Even if they aren't a picky eater, staying on a healthy diet a school can be hard thanks to sugary snack selections and less than ideal lunch options. When you add in packed schedules and easy access to delicious treats, making wise food decisions can feel nearly impossible. Instead of giving your child lunch or snack money, get them involved in packing their own lunches to teach them the importance of (and finding the fun in) making nutritious decisions.
Not Washing Hands
When you're not there to remind your child to wash his or hands after the bathroom, playing outside, or before eating, you might be surprised how quickly they completely forget about the sink entirely. Don't belittle or shame your child over concerns about this hygiene issue. Be clear about the importance of hand washing, when it is expected, also consider sending them to school with hand sanitizer to encourage disinfecting without necessarily having to break their busy routine to run to the bathroom.
Trying to Get Away With Texting — When They Should Be Listening to You
Just because kids aren't allowed to text in class doesn't mean they aren't. Thanks to their love of technology and instant connection, many often spend time mastering how to discreetly communicate in class when they should be paying attention. This new skill can be infuriating at home when you're trying to have an important discussion or engage in a family meal. Avoid the problem altogether by insisting on unplugged times when everyone has to leave their technology in the same spot while enjoying some in-person interactions.
While their friends might laugh and egg them on in school when they talk back to a teacher, there's nothing funny about this habit. If you hear or experience your child talking back, put an end to the cheeky responses by working to determine the cause of their outburst, being consistent with consequences for rude behavior, and being sure to focus praise on polite gestures.
Using Bad Language
Kids definitely have their own lingo and favorite words amongst groups of friends but when a bad word or rude expression makes the list, it's important to make it clear what's funny and what isn't. While a lot of the appeal to these words comes from the reaction from peers, kids also draw on the attention they receive from you. Curb their potty talk by explaining the meaning or inappropriateness of the word without overreacting and make sure that you're modeling an equally clean vocabulary.

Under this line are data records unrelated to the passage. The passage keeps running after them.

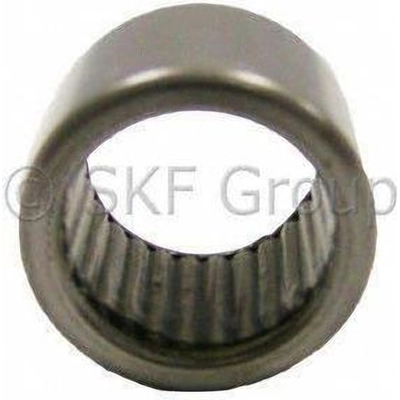 Output Shaft Bearing by SKF - J2416 pa4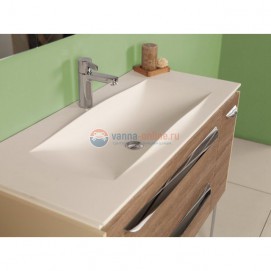 Раковина Акватон Блент Д 1000, 1A708531BL010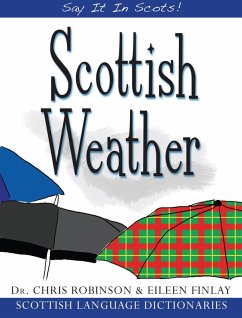 Scottish Weather (eBook, ePUB) - Robinson, Chris; Finlayson, Eileen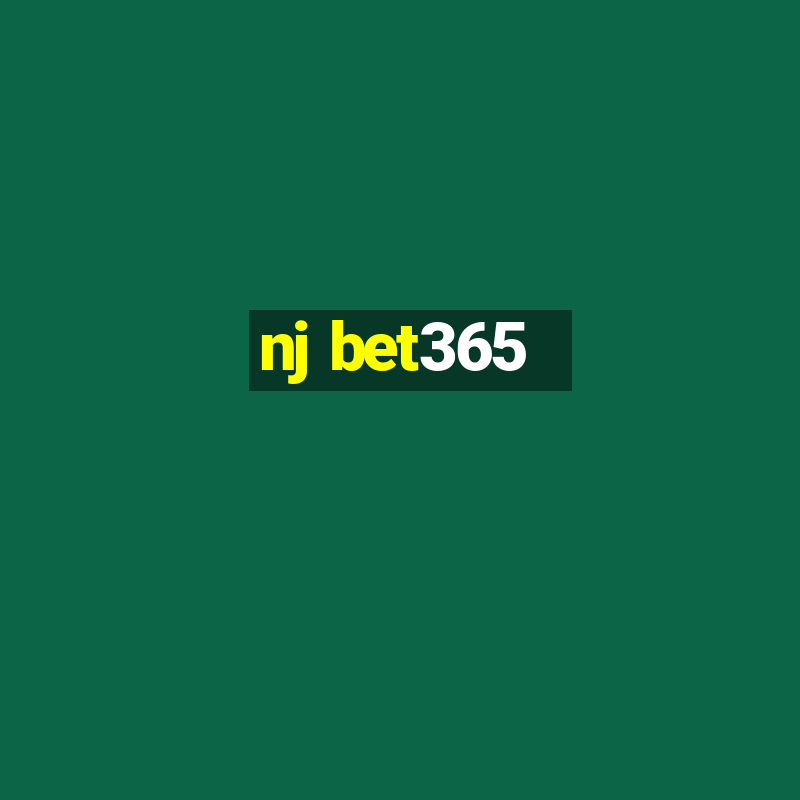 nj bet365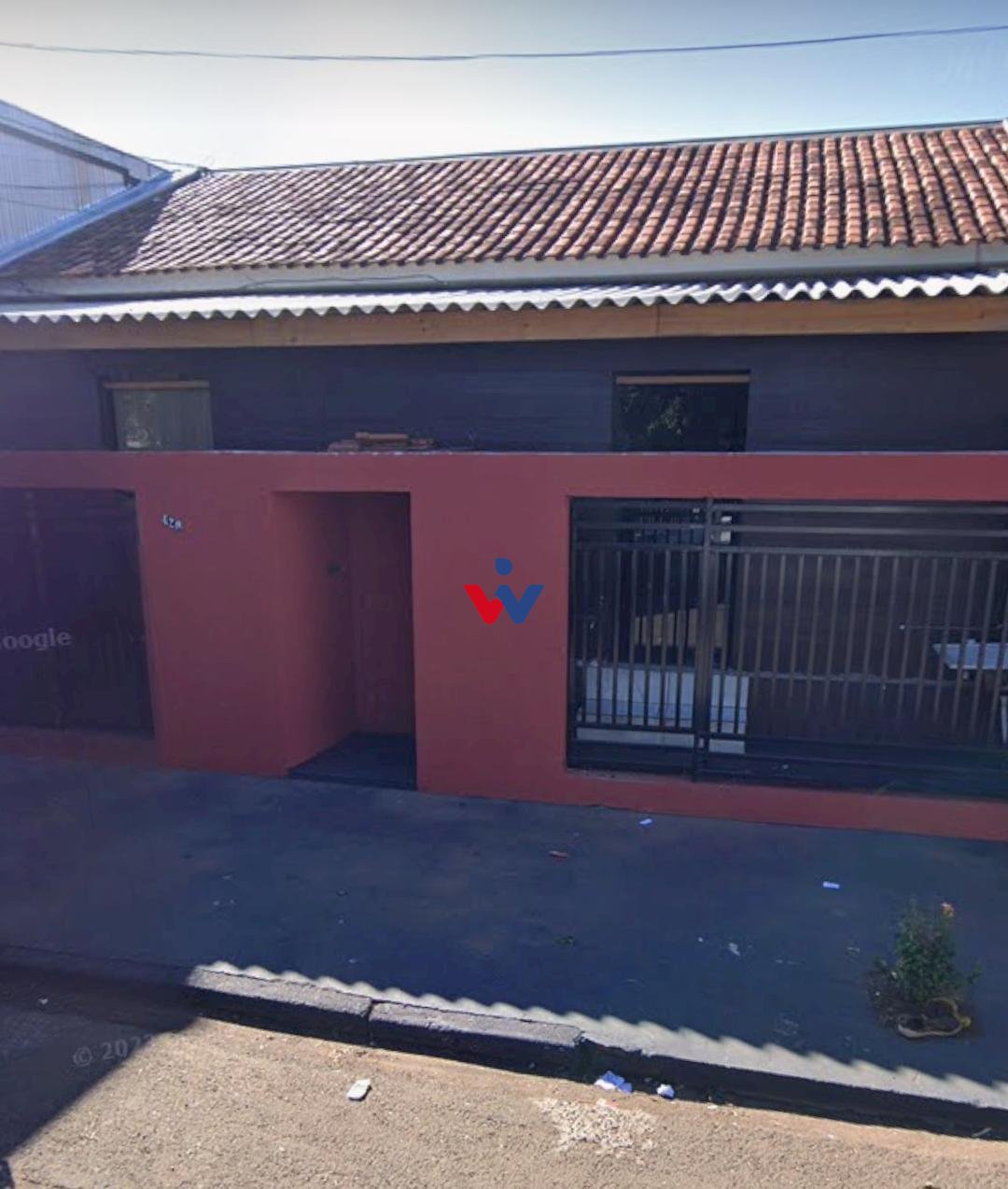 Terreno à venda,600.00 m , Vila Édio, ARAPONGAS - PR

Don't let classes and school work physically weigh your child down. Teach them how to pack their bags strategically at the end of the day to avoid bringing home any unnecessary weight. If the textbooks are always needed, consider starting a homework buddy system that is responsible for bringing the books and emailing copies of the assignments each week to avoid everyone carrying the weight each day.
While it might seem perfectly normal to make observations about someone, especially when discussed among friends, it's important for parents to teach their little ones the power of their words and just because a person isn't around to hear you doesn't mean that it's okay to say it. It's equally essential that your child understands that the intention behind his or her comments is just as important as the words they use — especially when talking about someone.
Leaving Kids Out
Even if your child is the sweetest kid you've ever met, it's possible they are some other child's "mean kid" without you even realizing. Oftentimes kids get swept up in friend groups and peer pressure and don't even realize that they are forming cliques — let alone the negative impact it could be having on another person. It's important to not only model inclusive behavior but to also always explain the importance of empathetic behaviors. While some kids are naturally more intuitive when it comes to how others are feeling, others need parents to guide them on how to recognize when they aren't being open to others.
After spending all day without the opportunity to watch whatever they want or use their technology, many kids go straight for the tablets, phones, computer, or TVs as soon as they get home. Put an end to this immediate need for technology by limiting screen time to certain hours so they don't rush to their devices immediately after walking through the door.
Completely Relying on You
Helicopter parents who get overly involved in their child's assignments unintentionally get their kid into the habit of taking less initiative in their schoolwork. They can also prompt them into feeling secure that they will have someone there to bail them out or do it for them. Break your child's dependence by taking a step back yourself and letting your child experience what happens if he or she forgets their assignment, doesn't take notes, or doesn't give themselves enough time to finish a project.
Pulling Late Nights
Just because your child isn't cramming for college finals doesn't mean the late nights haven't already begun — or won't soon. Prevent this after-hours homework cycle from forming early on by working together on time management skills even from a young age and getting into a healthy (and early) homework routine at the start of each school year.